The Solanaceae family is particularly noteworthy among angiosperms, encompassing a wide range of species, including economically vital crops such as potatoes (Solanum tuberosum), tomatoes (Solanum lycopersicum), eggplants (Solanum melongena), sweet and chili peppers (Capsicum spp.), and tobacco (Nicotiana spp.), as well as ornamental plants such as Petunia spp. and Solanum spp. (Särkinen et al., 2013). Among these, tomatoes are particularly prominent as one of the most extensively cultivated and consumed vegetable crops worldwide and are a vital source of micronutrients, including amino acids, vitamins, and antioxidants (Liu et al., 2016; Tieman et al., 2017). Reflecting their global importance, data from the Food and Agriculture Organization of the United Nations (<http://faostat.fao.org/>, Accessed: February 11, 2025) indicate that global tomato production in 2023 reached approximately 192.3 million tons, with major producers being China, India, Turkey, the United States, Egypt, and Italy.
In addition to their economic significance, tomatoes have gained recognition as a model system for studying fruit biology, offering valuable insights into the genetic and physiological mechanisms underlying this complex process (Schauer et al., 2006; The Tomato Genome Consortium, 2012). Domesticated tomatoes (S. lycopersicum) are believed to have evolved from their closest wild ancestor, Solanum pimpinellifolium, which produces small, round edible fruits (Blanca et al., 2015; Labate and Robertson, 2012; van der Knaap et al., 2014). During domestication, selection prioritizes traits that enhance adaptation to specific cultivation environments, resulting in the diversification of tomatoes into a wide range of types (Zhu et al., 2018). Although modern breeding and domestication have substantially increased agricultural productivity, these processes have also narrowed the genetic base of cultivated tomatoes, leading to reductions in flavor and nutrient content (Gur and Zamir, 2004; Klee and Tieman, 2013; Overy et al., 2005). In addition, cultivated tomatoes retain only a small fraction of the genetic diversity of their wild relatives (Eshed and Zamir, 1994a). Therefore, harnessing the genetic diversity of wild tomato relatives lost during domestication has emerged as a critical objective in modern breeding programs (Gur and Zamir, 2004; Tanksley and McCouch, 1997).
Several wild tomato species, including S. pimpinellifolium, Solanum neorickii, Solanum habrochaites, Solanum chmielewskii, and Solanum pennellii, exhibit phenotypes markedly different from those of S. lycopersicum, particularly in terms of fruit characteristics (Schauer et al., 2005). All wild species produce significantly smaller fruits than those produced by domesticated species, with S. pimpinellifolium being the only species to bear red-colored fruits (Schauer et al., 2005). Among these, S. pennellii is a distant relative of S. lycopersicum and is characterized by its highly specialized morphology, unique reproduction system, and diverse phytochemical profiles (Alseekh et al., 2013). Studies comparing S. lycopersicum and S. pennellii have revealed advantageous traits of S. pennellii, such as salinity, drought, and insect tolerance (Eshed and Zamir, 1994b). However, the genomes of wild relatives also harbor undesirable traits and numerous interacting quantitative trait loci (QTLs), which can complicate their use in breeding programs (Kanayama, 2017).

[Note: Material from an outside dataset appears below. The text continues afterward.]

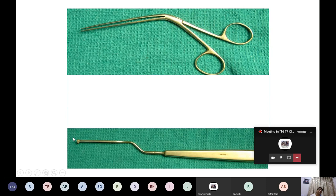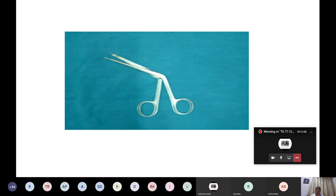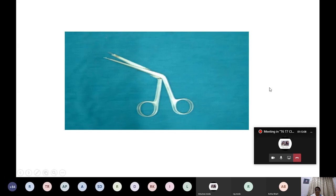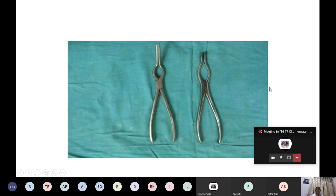The Ballinger swivel knife has a blade that moves 360 degrees and is used in submucous resection of the septum. Hartmann's nasal speculum has heart-shaped or triangular blades. The nasal packing forceps leaves a gap between blades and can also be used for foreign body removal.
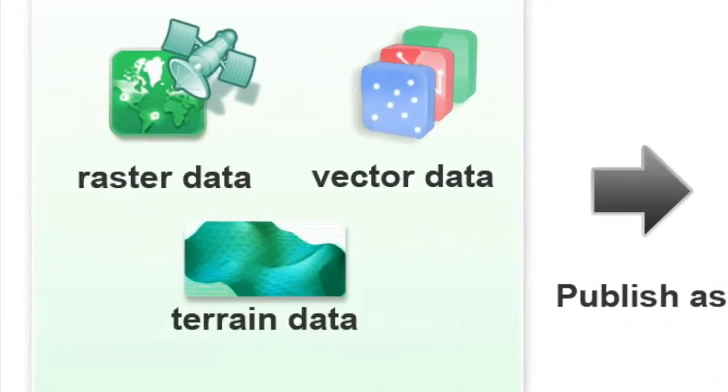In the first stage, you can publish all the GIS data you have to be displayed in SuperG3D Earth Server, including vector, raster, and terrain data.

A set of 76 introgression lines (ILs) has been developed by crossing the S. lycopersicum cultivated tomato variety ‘M82’ with the S. pennellii accession LA716 to address these challenges (Eshed and Zamir, 1994a, 1995; Lippman et al., 2007). Each IL contains a single short chromosomal segment from S. pennellii introduced into the genetic background of S. lycopersicum (Lippman et al., 2007). A schematic representation of the chromosomes of IL5-4, IL8-3, and IL12-1-1, which are discussed in detail in this review, is presented in Figure 1. Consequently, the most undesirable traits from S. pennellii are eliminated, enabling the identification and analysis of QTLs on S. pennellii chromosomal segments as independent genetic factors (Kanayama, 2017). Since their development, ILs have been widely utilized to investigate traits such as disease resistance (e.g., Ruffel et al., 2005), abiotic stress tolerance (e.g., Frary et al., 2010), fruit size and composition (e.g., Causse et al., 2004), fruit color (e.g., Liu et al., 2003), and fruit yield (e.g., Semel et al., 2006), which have contributed significantly to elucidating the genetic basis underlying these complex traits. Owing to their utility in analyzing beneficial phenotypes and genes from closely related wild species, ILs have been developed for S. pennellii (LA716) and other wild species, such as S. pimpinellifolium (Tanksley and Nelson, 1996), Solanum parviflorum (Fulton et al., 2000), S. habrochaites (Finkers et al., 2007), and more recently, S. pennellii (LA5240) (Torgeman et al., 2024).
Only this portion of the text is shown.